BAP 9

DİNLE, ey İsrail; senden daha büyük ve kudretli milletleri, büyük ve uzun boylu bir kavmı,
2. senin bildiğin, ve haklarında: Anak oğullarının karşısında kim durabilir? denildiğini işittiğin Anak oğullarını, göklere kadar duvarlı şehirleri mülk olarak almak üzre içeri girmek için bugün Erdenden geçiyorsun.
3. Ve bugün bil ki, senin önünde geçen Allahın RABDİR, o yiyip bitiren ateştir; onları helâk edecek, ve senin önünde onlara boyun iğdirecektir; ve onları kovacaksın, ve RABBİN sana söylediği gibi onları çabuk yok edeceksin.
4. Allahın RAB senin önünde onları dışarı attıktan sonra, yüreğinde: Salâhımdan dolayı bu diyarı mülk olarak almak için RAB beni içeri getirdi, diye söyleme; ancak bu milletlerin kötülüğünden dolayı onları senin önünden kovuyor.
5. Onların diyarını mülk olarak almak için senin içeriye girmekliğin salâhından dolayı değil, ve yüreğinin doğruluğundan dolayı değildir; ancak bu milletlerin kötülüğünden dolayı, ve RABBİN atalarına, İbrahime, İshaka, ve Yakuba and ettiği sözü sabit kılmak için Allahın RAB onları senin önünden kovuyor.

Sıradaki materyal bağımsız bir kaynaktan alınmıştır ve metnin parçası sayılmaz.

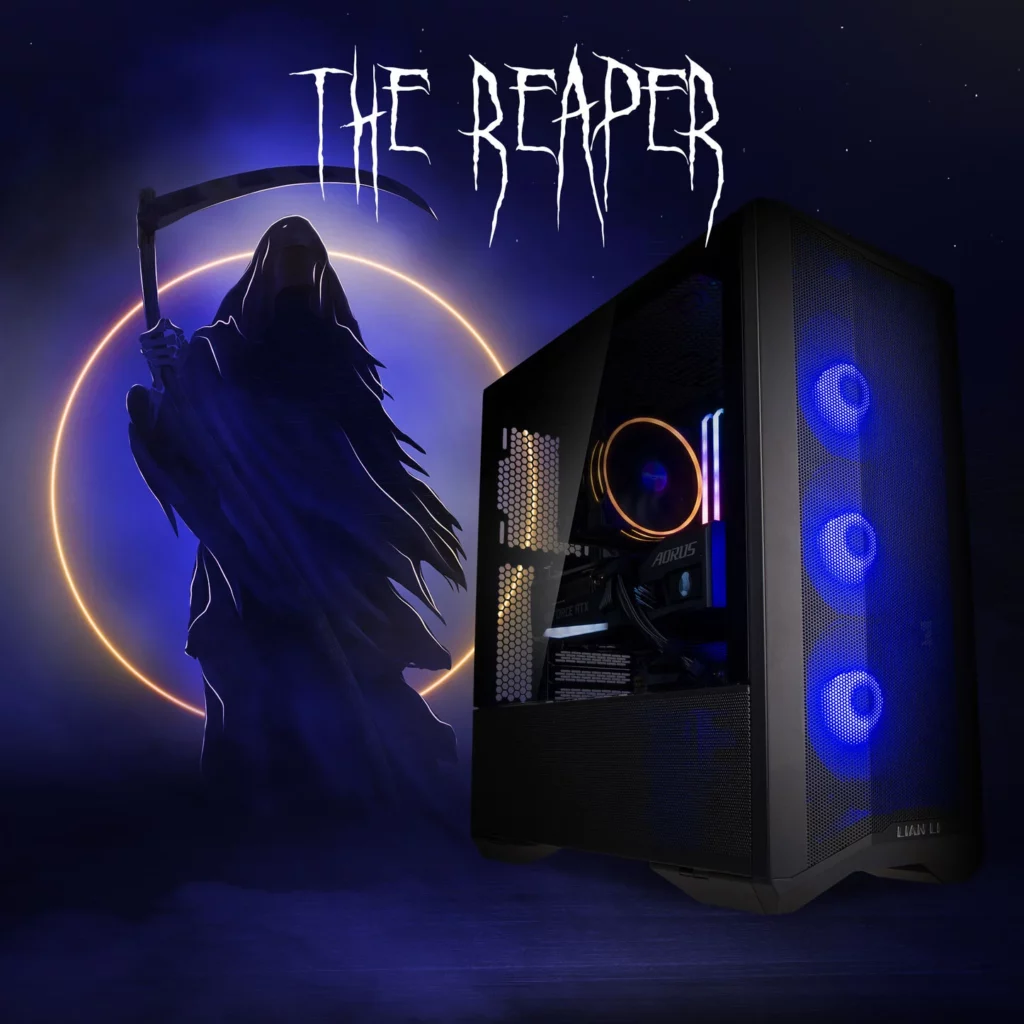 Schwarzer Gaming-PC: The Reaper mit blauer RGB-Beleuchtung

6. Ve bileceksin ki, bu iyi diyarı mülk edinmek için, Allahın RAB senin salâhından dolayı sana onu vermiyor; çünkü sen sert enseli bir kavmsın.
7. Allahın RABBİ çölde öfkelendirdiğini hatırla, unutma; Mısır diyarından çıktığın günden bu yere gelinciye kadar, RABBE karşı âsi oldunuz.
8. Ve Horebde RABBİ öfkelendirdiniz, ve RAB sizi helâk etmek için gazaba geldi.
9. Taş levhaları, RABBİN sizinle ettiği ahdin levhalarını almak için dağa çıktığım zaman, dağda kırk gün kırk gece kaldım; ekmek yemedim ve su içmedim.
10. Ve RAB bana Allahın parmağı ile yazılmış iki taş levhayı verdi; ve onların üzerinde, toplantı gününde, dağda ateşin içinden RABBİN sizinle söyleştiği bütün sözlere göre yazılmıştı.
11. Ve vaki oldu ki, kırk günün ve kırk gecenin sonunda, RAB bana iki taş levhayı, ahit levhalarını verdi.
12. Ve RAB bana dedi: Kalk, buradan çabuk in; çünkü Mısırdan çıkardığın kavmın fesada düştü; onlara emrettiğim yoldan çabuk saptılar; kendilerine dökme bir put yaptılar.
13. Ve RAB bana söyliyip dedi: Bu kavmı gördüm, ve işte, sert enseli bir kavmdır;
14. beni bırak, onları helâk edeyim, ve göklerin altından onların adını sileyim; ve seni ondan daha kuvvetli ve daha büyük bir millet edeceğim.
15. Ve döndüm, ve dağdan indim, ve dağ ateşle yanıyordu; ve ahdin iki levhası iki elimde idi.
16. Ve gördüm, ve işte, Allahınız RABBE karşı suç etmiştiniz; kendinize dökme bir buzağı yapmıştınız; RABBİN size emretmiş olduğu yoldan çabuk sapmıştınız.
17. Ve iki levhayı tuttum, ve onları iki elimden attım, ve onları gözünüzün önünde parçaladım.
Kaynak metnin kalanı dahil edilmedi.